# Is "Doamna Febrelor" accurate for "The Lady of Fevers"?



## febris

I'm fairly new to Romanian, I have been studying for only 5 months and I want to use more Romanian in my artwork. A while ago I used "Doamna Febrelor" as "the lady of fevers", is it accurate?


----------



## Trisia

Hi, and welcome!

Thank you for taking an interest in Romanian!

It's always a great idea to give us a bit more context to work with. Is this the title of your artwork? Can you be more specific as to what you're trying to convey?

Your translation seems pretty literal, and I can't say it's "wrong", but to me it doesn't really mean anything.  Are you making a reference to something related to St Mary?


----------



## febris

Trisia said:


> Is this the title of your artwork? Can you be more specific as to what you're trying to convey?
> 
> Your translation seems pretty literal, and I can't say it's "wrong", but to me it doesn't really mean anything.

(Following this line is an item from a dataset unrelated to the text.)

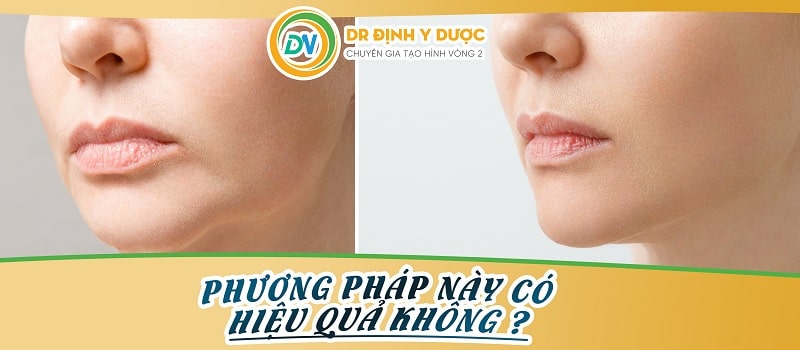 su-dung-cong-nghe-vaser-fat-co-hieu-qua-khong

It's about a character I made. She's the personification of fevers so I thought "the lady of fevers" would be a good title and I love Romanian.


----------



## farscape

Yes, could be a translation - curious minds might come up with a better metaphor for this character but based on the context you've provided it should work.


----------



## danielstan

Some observations here:

Romanian _febră_ does not have plural:
febră - declensions
It is in the same category with other Romanian nouns like:
_- foame _("hunger") - see: foame - declensions
_- frică _("fear"), which has a plural _frici_, but rarely used
see: frică - definitions   where they say "_... (rar) frici ..._")
_- sete _("thrist") - see: sete - declensions
etc.

This is why the other Romanians here found very peculiar the notion of _Doamna febrelor_.

Also using the singular like in _Doamna febrei_ sounds a little strange, but is a better option.

On the other hand, the English term "fever" has 2 meanings: Definition of FEVER

If you meant "fever" as a state of emotion it would make better sense.
A possible translation would be:
_Doamna neliniștilor_
(meaning more exactly: Lady of Unrests)


----------